# Simple (not for me) algebra problem

• Mar 11th 2011, 07:45 AM
flashylightsmeow
Simple (not for me) algebra problem
I'm working from a book called Mathematics for Economics and Finance (Martin Anthony and Norman Biggs) I have a problem with one of their damn examples on supply and demand.

the supply set is S={(p,q)|q=bp-a} and D={(p,q)|q=c-dp}

when an excise tax is imposed i need to find the equilibrium quantity ($\displaystyle q^{T}$)

this is found by finding the equilibrium price ($\displaystyle p^{T}$)

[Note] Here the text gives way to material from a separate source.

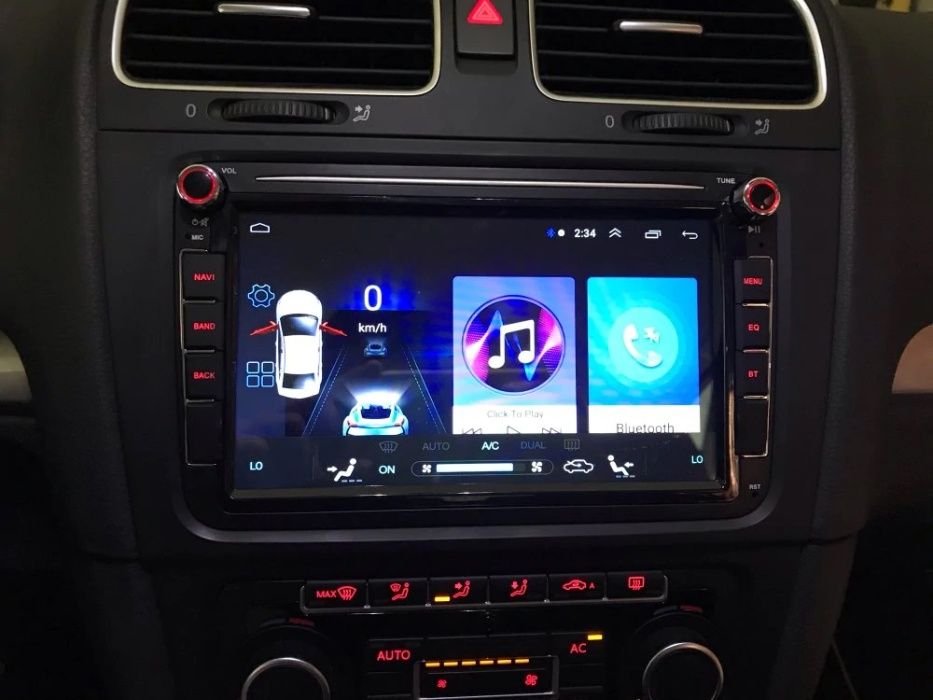 Мултимедия 8" ANDROID 14 CARPLAY за VW Golf Passat Seat Skoda Octavia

So I solve simultaneously and get:

$\displaystyle p^{T}=\frac{(c+a)}{(b+d)}+\frac{bT}{b+d}$

which is in the book. Now I need to find qT which the book states is found by:

$\displaystyle q^{T}=c-dp^{T}=\frac{(bc-ad)}{(b+d)}+\frac{bdT}{b+d}$

I can't figure out how the hell these people managed to get bc-ad, Can someone tell me how they got this!?
• Mar 11th 2011, 09:01 AM
HallsofIvy
Okay, so you know that $\displaystyle p^T= \frac{c+a}{b+d}+ \frac{bT}{b+d}$. You also know that q= c- dp.

So $\displaystyle q= c- \frac{dc+ da}{b+d}- \frac{dc+da}{b+d}- \frac{bT}{b+d}$
$\displaystyle \frac{cb+ cd}{b+d}- \frac{dc+ da}{b+d}- \frac{bdT}{b+d}$

Notice that the two "cd" and "dc" terms cancel, leaving cb- da= bc- ad. Of course, because it is subtracted, $\displaystyle -\frac{bT}{b+d}$ becomes $\displaystyle \frac{bT}{b+d}$.